-- Exercise brief --
The reply should contain only the lines from the start of the records through the line with "蜥蜴,動(dòng)物,動(dòng)物園", reproduced verbatim and without pictures.

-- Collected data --
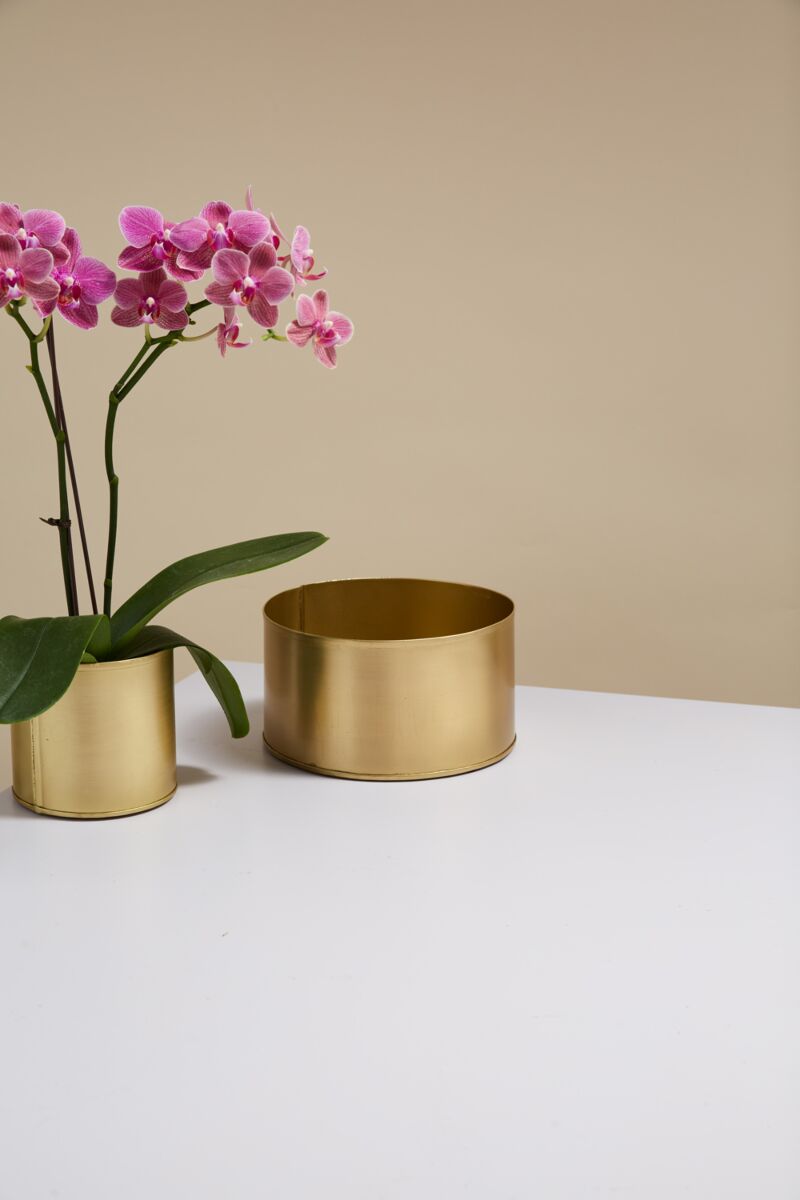 Design Shop Bryant Bowl 7.5"x 4"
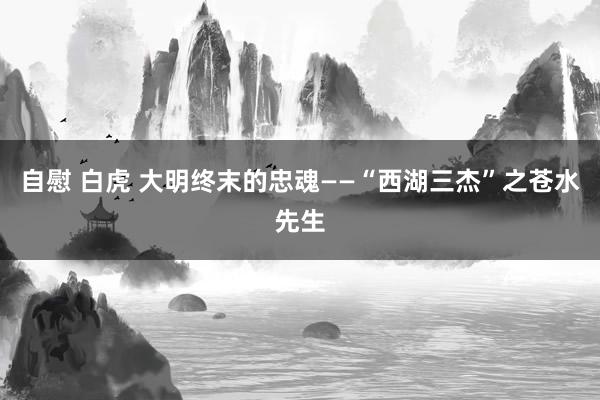 自慰 白虎 大明终末的忠魂——“西湖三杰”之苍水先生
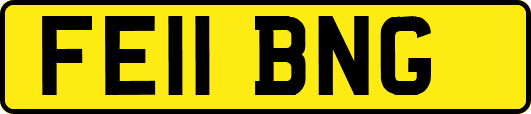 FE11BNG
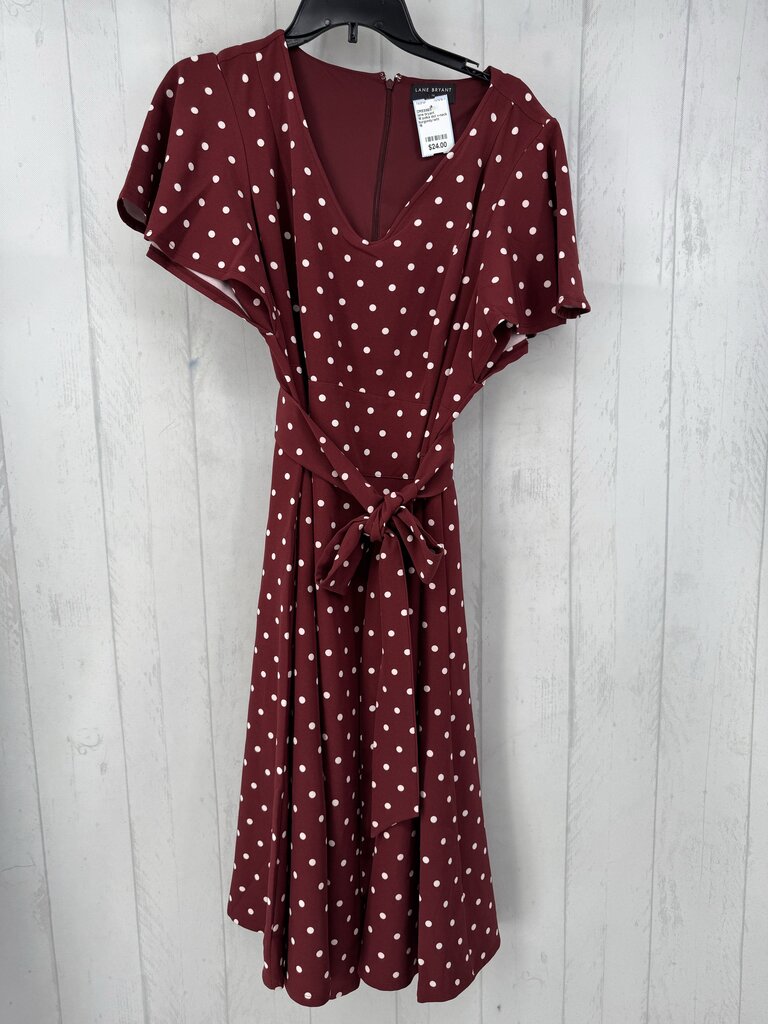 16 polka dot v-neck belted s/s dress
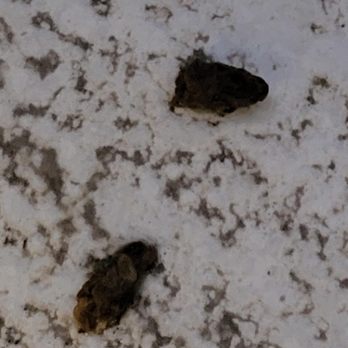 Pristine Properties Vacation Rentals - Feces by the pool area and outside walkway!!! - Vacation Rental Agents Near Me - Port St Joe, Florida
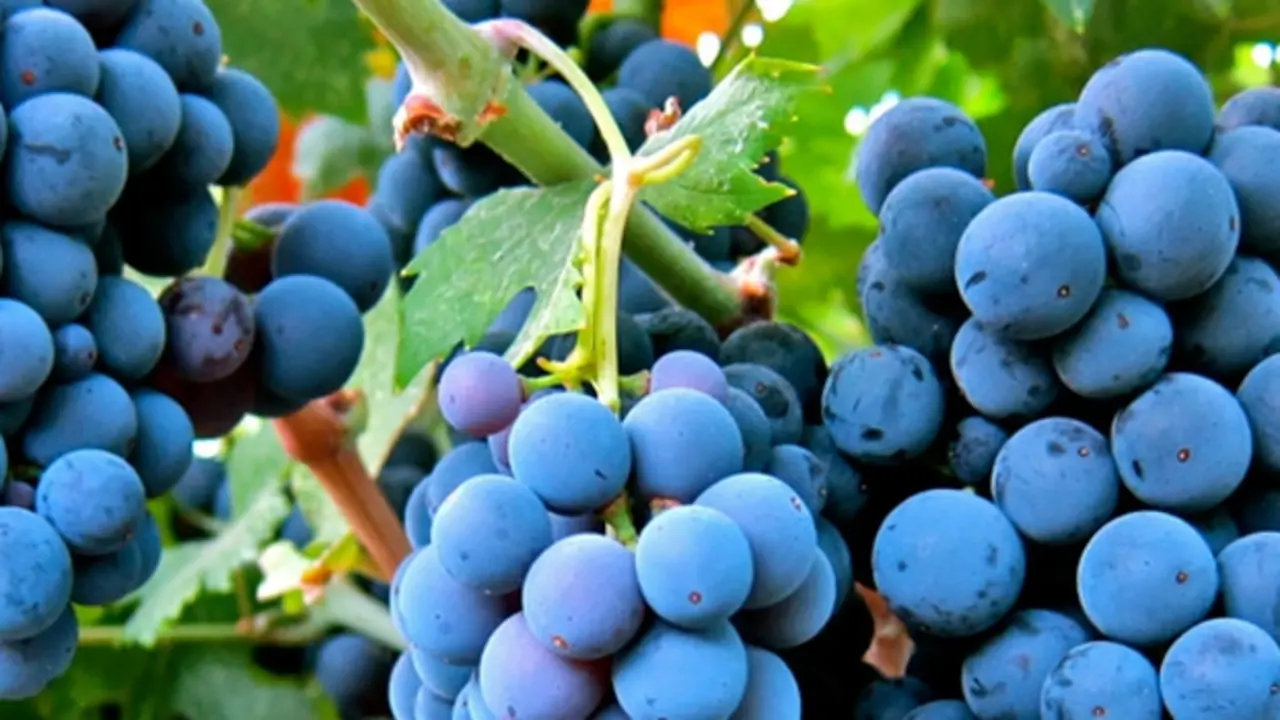 Vino de Ucl&eacute;s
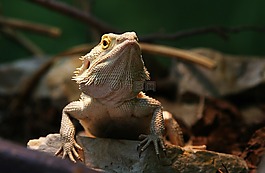 蜥蜴,動(dòng)物,動(dòng)物園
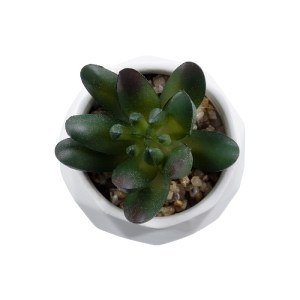 glo-20979-20979_3 GLOBOSTAR® ARTIFICIAL GARDEN SUCCULENT CRASSULA 20979 ΔΙΑΚΟΣΜΗΤΙΚΟ ΦΥΤΟ ΠΑΧΥΦΥΤΟ ΚΡΑΣΟΥΛΑ 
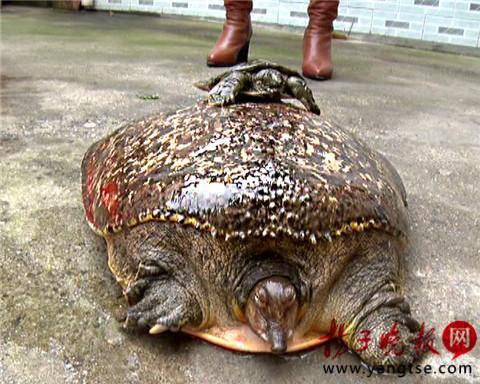 渔民捕到百岁老甲鱼 满身镶嵌“珍珠”(图)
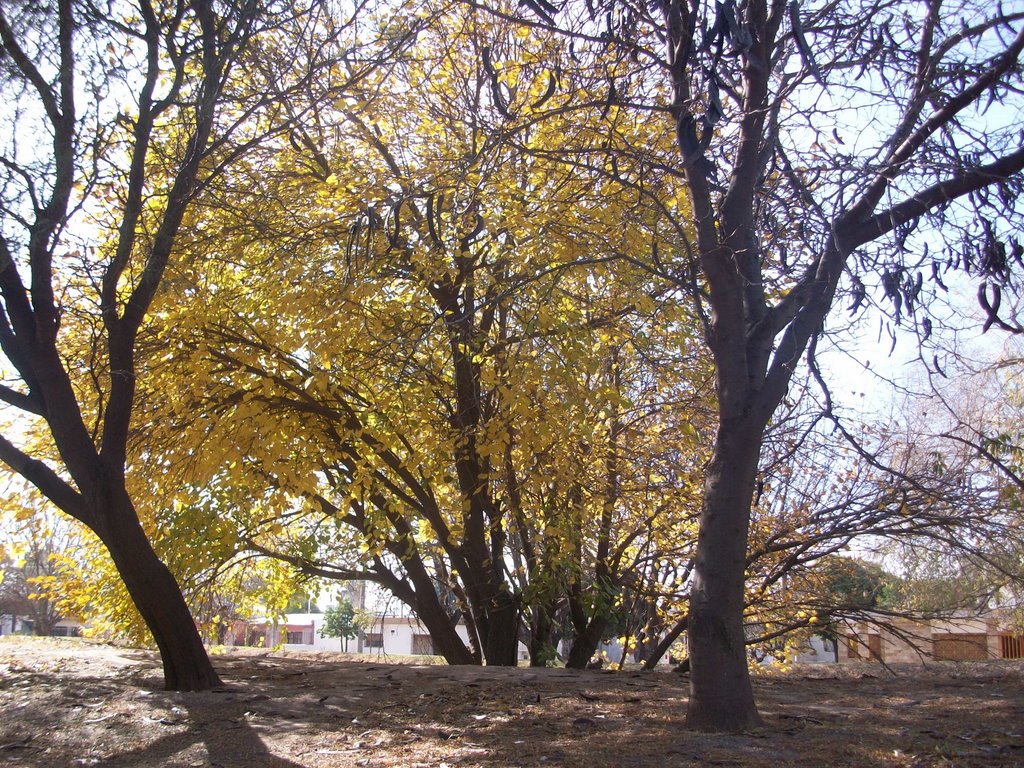 Al lado del canal en otoño. (foto: Frank Boore).- by Frank Boore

-- Expected output --
 Design Shop Bryant Bowl 7.5"x 4"
 自慰 白虎 大明终末的忠魂——“西湖三杰”之苍水先生
 FE11BNG
 16 polka dot v-neck belted s/s dress
 Pristine Properties Vacation Rentals - Feces by the pool area and outside walkway!!! - Vacation Rental Agents Near Me - Port St Joe, Florida
 Vino de Ucl&eacute;s
 蜥蜴,動(dòng)物,動(dòng)物園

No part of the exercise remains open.